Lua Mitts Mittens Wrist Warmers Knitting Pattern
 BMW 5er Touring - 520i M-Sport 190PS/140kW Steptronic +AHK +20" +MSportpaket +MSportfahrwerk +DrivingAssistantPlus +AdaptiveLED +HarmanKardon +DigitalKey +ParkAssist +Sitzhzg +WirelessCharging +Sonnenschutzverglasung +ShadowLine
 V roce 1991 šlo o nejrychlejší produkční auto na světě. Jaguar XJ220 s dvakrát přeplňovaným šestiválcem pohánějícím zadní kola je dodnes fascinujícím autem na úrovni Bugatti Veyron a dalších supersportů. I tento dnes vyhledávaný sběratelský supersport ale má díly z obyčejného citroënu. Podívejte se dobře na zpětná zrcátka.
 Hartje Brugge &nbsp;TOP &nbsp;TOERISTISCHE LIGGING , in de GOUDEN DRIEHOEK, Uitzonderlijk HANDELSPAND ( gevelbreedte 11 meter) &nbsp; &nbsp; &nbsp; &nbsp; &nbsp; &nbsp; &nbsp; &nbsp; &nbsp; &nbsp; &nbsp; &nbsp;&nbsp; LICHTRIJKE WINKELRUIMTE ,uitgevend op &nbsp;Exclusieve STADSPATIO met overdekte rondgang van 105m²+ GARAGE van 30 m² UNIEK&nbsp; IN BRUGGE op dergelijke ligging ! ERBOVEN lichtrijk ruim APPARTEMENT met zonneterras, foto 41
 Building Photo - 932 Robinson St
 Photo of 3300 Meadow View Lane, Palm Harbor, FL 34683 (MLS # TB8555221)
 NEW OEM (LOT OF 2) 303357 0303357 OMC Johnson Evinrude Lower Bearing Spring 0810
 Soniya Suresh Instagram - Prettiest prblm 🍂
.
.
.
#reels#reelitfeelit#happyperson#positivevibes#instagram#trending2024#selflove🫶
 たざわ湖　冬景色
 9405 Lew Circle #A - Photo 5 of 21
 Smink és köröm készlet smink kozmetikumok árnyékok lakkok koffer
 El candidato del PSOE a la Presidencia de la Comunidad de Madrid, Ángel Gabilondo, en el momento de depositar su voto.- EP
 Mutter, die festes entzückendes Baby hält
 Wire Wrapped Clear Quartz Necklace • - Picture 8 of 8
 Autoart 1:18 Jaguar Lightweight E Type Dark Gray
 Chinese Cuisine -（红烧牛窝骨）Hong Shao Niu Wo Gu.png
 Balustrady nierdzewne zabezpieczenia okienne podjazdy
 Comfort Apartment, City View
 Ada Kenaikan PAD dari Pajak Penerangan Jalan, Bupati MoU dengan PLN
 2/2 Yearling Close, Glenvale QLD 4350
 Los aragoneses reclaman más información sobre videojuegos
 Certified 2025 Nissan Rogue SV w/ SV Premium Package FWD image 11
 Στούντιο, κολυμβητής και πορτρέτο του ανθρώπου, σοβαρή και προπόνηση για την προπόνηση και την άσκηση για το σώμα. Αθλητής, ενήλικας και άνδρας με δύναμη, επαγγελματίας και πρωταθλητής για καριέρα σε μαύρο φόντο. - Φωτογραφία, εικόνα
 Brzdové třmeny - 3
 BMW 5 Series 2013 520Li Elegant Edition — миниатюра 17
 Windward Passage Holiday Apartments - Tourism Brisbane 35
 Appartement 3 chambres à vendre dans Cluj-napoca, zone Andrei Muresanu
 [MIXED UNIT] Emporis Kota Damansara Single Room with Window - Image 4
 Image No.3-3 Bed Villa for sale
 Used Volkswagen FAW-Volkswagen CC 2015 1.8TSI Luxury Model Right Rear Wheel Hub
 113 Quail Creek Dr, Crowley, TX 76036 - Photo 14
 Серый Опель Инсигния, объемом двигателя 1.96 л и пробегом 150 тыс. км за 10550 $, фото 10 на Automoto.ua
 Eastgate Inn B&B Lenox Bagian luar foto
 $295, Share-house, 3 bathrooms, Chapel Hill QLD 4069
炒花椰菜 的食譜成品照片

> **Task details**: The answer must consist solely of the lines from the first line of the data to the line holding "Certified 2025 Nissan", each given again exactly.

> **Written answer**:
Lua Mitts Mittens Wrist Warmers Knitting Pattern
 BMW 5er Touring - 520i M-Sport 190PS/140kW Steptronic +AHK +20" +MSportpaket +MSportfahrwerk +DrivingAssistantPlus +AdaptiveLED +HarmanKardon +DigitalKey +ParkAssist +Sitzhzg +WirelessCharging +Sonnenschutzverglasung +ShadowLine
 V roce 1991 šlo o nejrychlejší produkční auto na světě. Jaguar XJ220 s dvakrát přeplňovaným šestiválcem pohánějícím zadní kola je dodnes fascinujícím autem na úrovni Bugatti Veyron a dalších supersportů. I tento dnes vyhledávaný sběratelský supersport ale má díly z obyčejného citroënu. Podívejte se dobře na zpětná zrcátka.
 Hartje Brugge &nbsp;TOP &nbsp;TOERISTISCHE LIGGING , in de GOUDEN DRIEHOEK, Uitzonderlijk HANDELSPAND ( gevelbreedte 11 meter) &nbsp; &nbsp; &nbsp; &nbsp; &nbsp; &nbsp; &nbsp; &nbsp; &nbsp; &nbsp; &nbsp; &nbsp;&nbsp; LICHTRIJKE WINKELRUIMTE ,uitgevend op &nbsp;Exclusieve STADSPATIO met overdekte rondgang van 105m²+ GARAGE van 30 m² UNIEK&nbsp; IN BRUGGE op dergelijke ligging ! ERBOVEN lichtrijk ruim APPARTEMENT met zonneterras, foto 41
 Building Photo - 932 Robinson St
 Photo of 3300 Meadow View Lane, Palm Harbor, FL 34683 (MLS # TB8555221)
 NEW OEM (LOT OF 2) 303357 0303357 OMC Johnson Evinrude Lower Bearing Spring 0810
 Soniya Suresh Instagram - Prettiest prblm 🍂
.
.
.
#reels#reelitfeelit#happyperson#positivevibes#instagram#trending2024#selflove🫶
 たざわ湖　冬景色
 9405 Lew Circle #A - Photo 5 of 21
 Smink és köröm készlet smink kozmetikumok árnyékok lakkok koffer
 El candidato del PSOE a la Presidencia de la Comunidad de Madrid, Ángel Gabilondo, en el momento de depositar su voto.- EP
 Mutter, die festes entzückendes Baby hält
 Wire Wrapped Clear Quartz Necklace • - Picture 8 of 8
 Autoart 1:18 Jaguar Lightweight E Type Dark Gray
 Chinese Cuisine -（红烧牛窝骨）Hong Shao Niu Wo Gu.png
 Balustrady nierdzewne zabezpieczenia okienne podjazdy
 Comfort Apartment, City View
 Ada Kenaikan PAD dari Pajak Penerangan Jalan, Bupati MoU dengan PLN
 2/2 Yearling Close, Glenvale QLD 4350
 Los aragoneses reclaman más información sobre videojuegos
 Certified 2025 Nissan Rogue SV w/ SV Premium Package FWD image 11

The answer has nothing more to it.